Data provided:
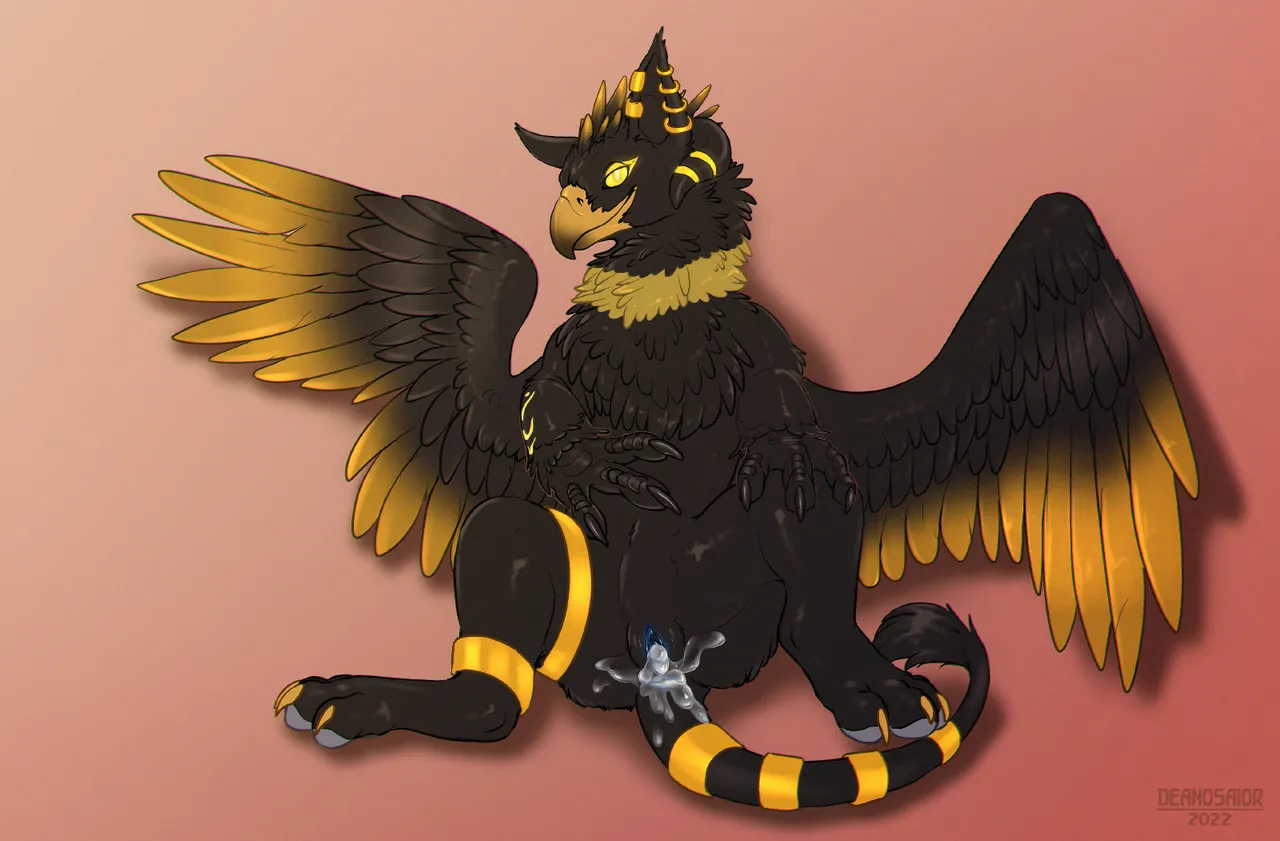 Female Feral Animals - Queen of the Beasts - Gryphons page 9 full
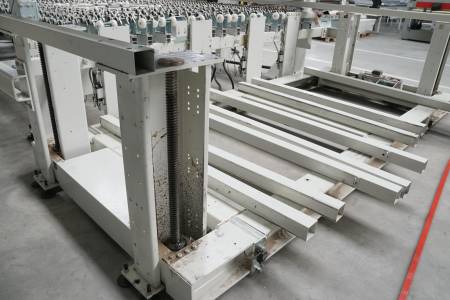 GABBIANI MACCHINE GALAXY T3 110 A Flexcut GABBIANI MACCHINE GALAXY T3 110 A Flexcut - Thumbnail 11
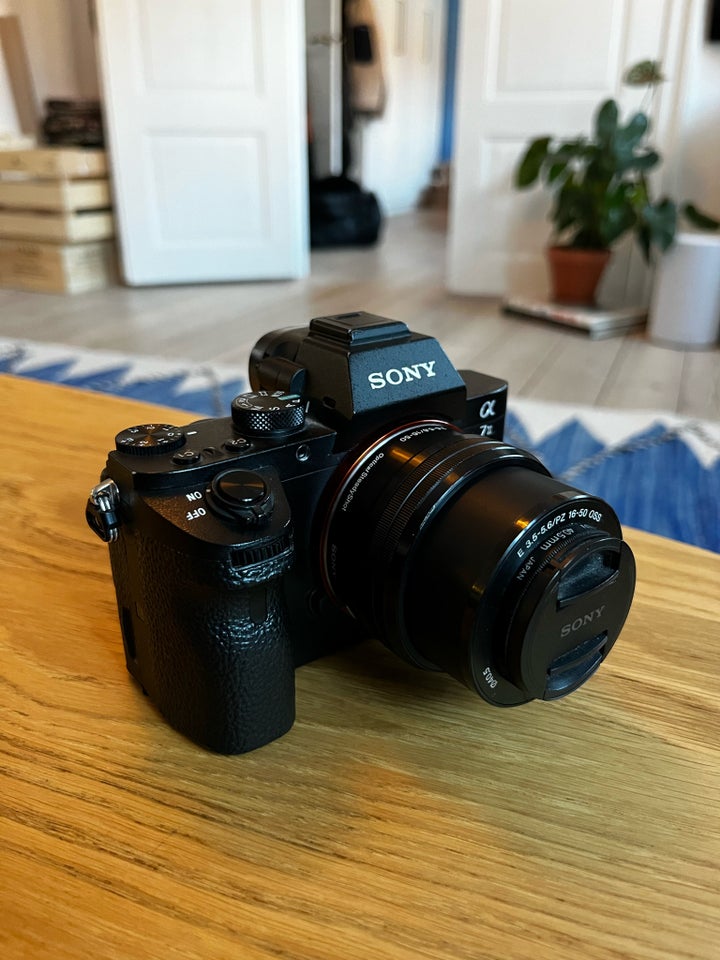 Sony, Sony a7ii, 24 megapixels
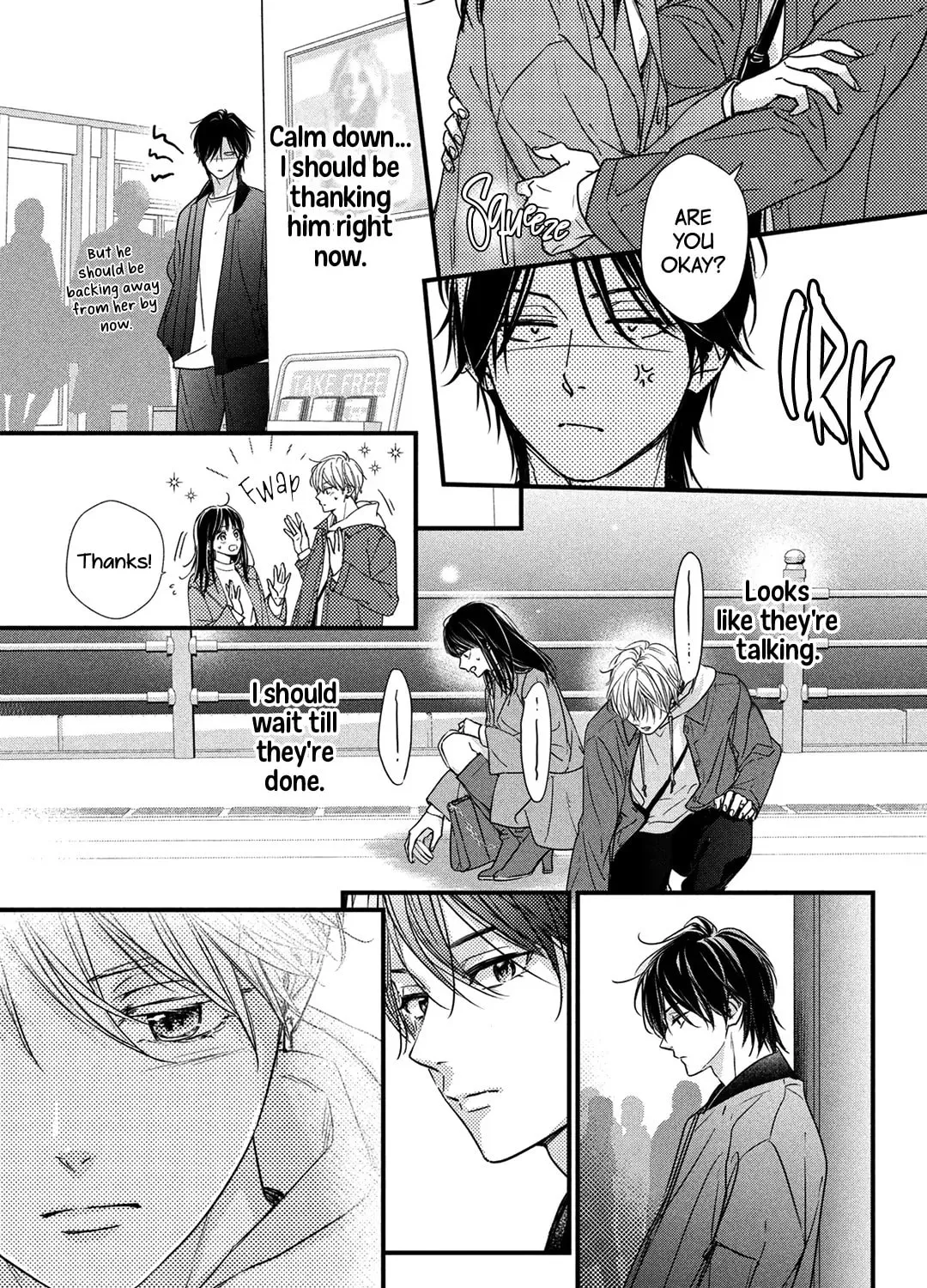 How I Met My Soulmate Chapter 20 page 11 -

Exercise description: Set down the material exactly as given, but print none of the pictures.

Solution for this exercise:
 Female Feral Animals - Queen of the Beasts - Gryphons page 9 full
 GABBIANI MACCHINE GALAXY T3 110 A Flexcut GABBIANI MACCHINE GALAXY T3 110 A Flexcut - Thumbnail 11
 Sony, Sony a7ii, 24 megapixels
 How I Met My Soulmate Chapter 20 page 11 -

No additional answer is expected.